Anti-racism is just and should be applied when possible. However, post racism PTSD may not be beneficial in that the PTSD causes people to see racism where there is none or they may use racism to explain away everything negative about where they are. Furthermore, yelling racism where there is none is detrimental to the cause of ending racism. I am fully aware that some may say it is racist to question excessive anti-racism as detrimental, but in a sense they are making my point by the critique.
I don't expect you to see the video, but just know that some black folks are starting to see anti-racism as a religion.
I *really* don't see any need for a purported 'even-handedness' on the issue of (institutional) racism, because the racism demonstrably *exists* -- it's *killer cops*, foremostly.

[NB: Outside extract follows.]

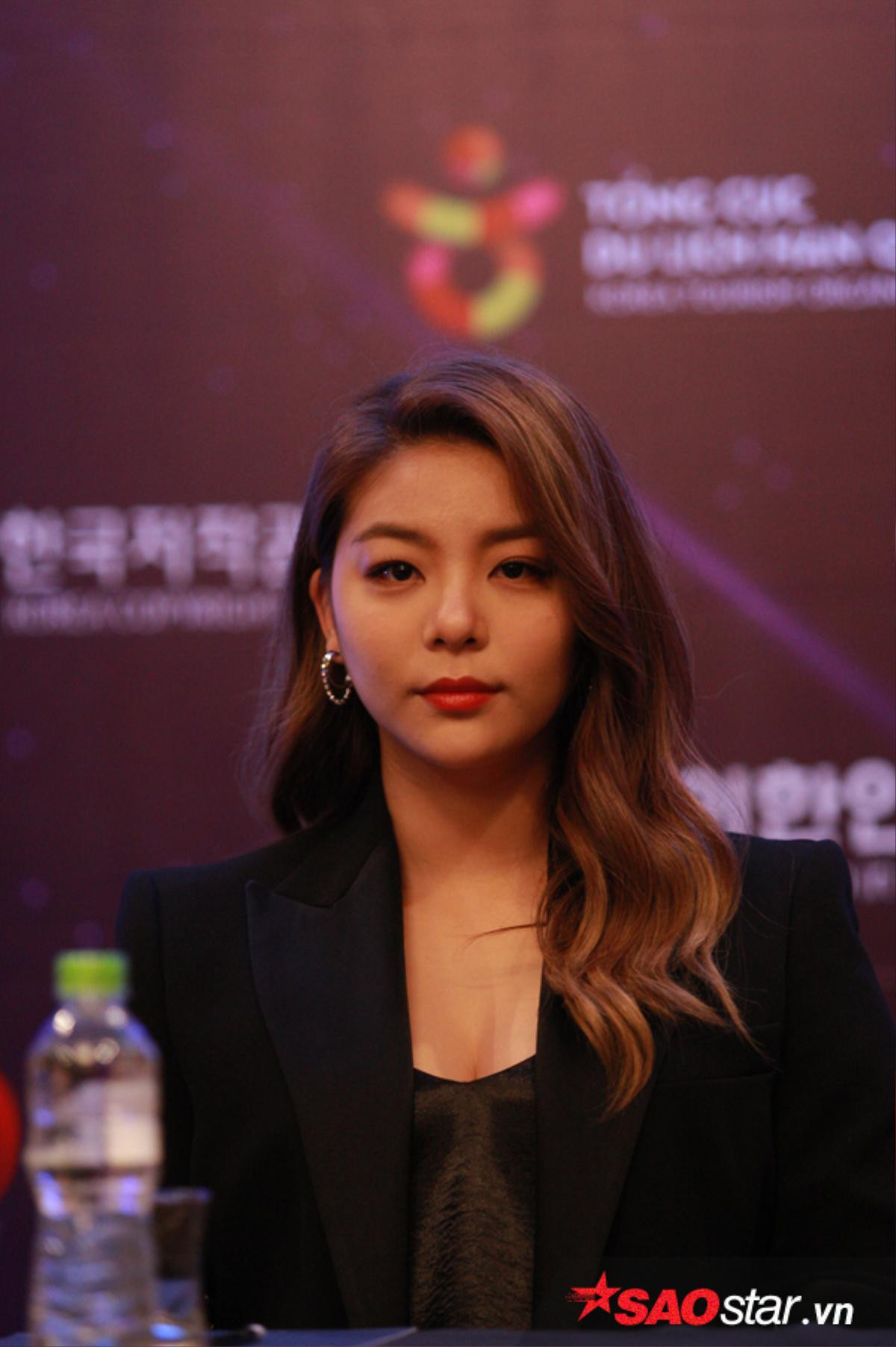 Ailee: 'Tôi thích ăn phở và bánh xèo, nếu có cơ hội sẽ làm concert ở Việt Nam' Ảnh 2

How about let's *get rid* of racism *first*, and then we can do all that other philosophizing stuff and touchy-feely stuff *after*.
Thanks for the URL.
The problem I see with the anti-racist movement is another 'ISM".

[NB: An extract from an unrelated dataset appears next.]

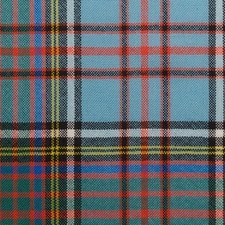 Tartan Tie 100% Wool Made in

What does that *mean*? What do *you* mean? I've heard that phrase before, and it just sounds too casually *dismissive*.
An uncritical adherence to present-day attitudes, especially the tendency to interpret past events in terms of modern values and concepts.
An attitude toward the past dominated by present-day attitudes and experiences.
Presentism | Definition of Presentism by Merriam-Websterwww.merriam-webster.com
A large component of the anti-racist movement is to constantly relive the past. It is OK to explain the effects of the past event into the present. However, it is not Ok to beat up white people or to embrace the noble victim status. The past should be analyzed academically so we can learn from it.
You may choose to be critical of the *social scene* around the politics of anti-racism, but then that's no longer really being *political* -- you're then a *social critic* of some kind, and maybe you want to sell your written observations to the New Yorker, or something.
If you stick to the *politics* of the matter then you won't be blurring any lines, and you won't have any confusion over your social-scene role -- this, incidentally, is how I do my own participation. I tend to *compartmentalize* according to these three categories, by scale:
History, Macro-Micro -- politics-logistics-lifestyle
By the same reasoning you're *correct* -- that 'lifestyle', or, more broadly, the context of on-the-ground interpersonal *civil society*, is not usually explicitly political, so beating up a random white person wouldn't typically be commonly seen as 'political', and so it's not, and shouldn't be done, because it would more normally be seen as *criminal*, especially to the victim. (At a fascist rally, it's a different story, due to the explicitly *political* context.)
I'll just add, as a sidenote, that an 'academic' analysis isn't necessarily the *correct* one, because it tends to be somewhat *privileged* in nature, and *liberal* / reformist on the political spectrum. As a revolutionary I'd say that the *class* analysis matters most since it's the most deterministic social dynamic throughout all of human social history, and is at the very *top* of my 'history' taxonomy graphic above.
Aristotle thought women were only good for sex and procreation. That does not negate the greatness of Aristotle. Jefferson and Washington were creatures of another era and made errors, however they are the pillars of America. I would assume a well educated person would accept that and move on------unless the amygdala in the limbic system takes over due to racial PTSD.
As for Lincoln: His intentions were likely to be much more complex than compassion for slaves. I suspect that he was a man of that era even if he did not own slaves. Nevertheless, he ended slavery.
I do not like the emancipation statue with the slave kneeling. I understand the statue was solely paid funds from ex-slaves. This brings another subject of racism: The concept of insecurity. I can see why that statue would bother someone that is a bit insecure. OTOH, a person with great self esteem would acknowledge the statue without suffering any anguish. With regards to that statue I would simply remodel it to show the slave standing up next to Lincoln.
Or maybe a statue of a full-blast *slave rebellion* of several people....
America was founded by Englishmen and the English at one time owned 33% of the world. BTW, the English also looked down on the Scotts and the Irish. They made fun of their culture and accent.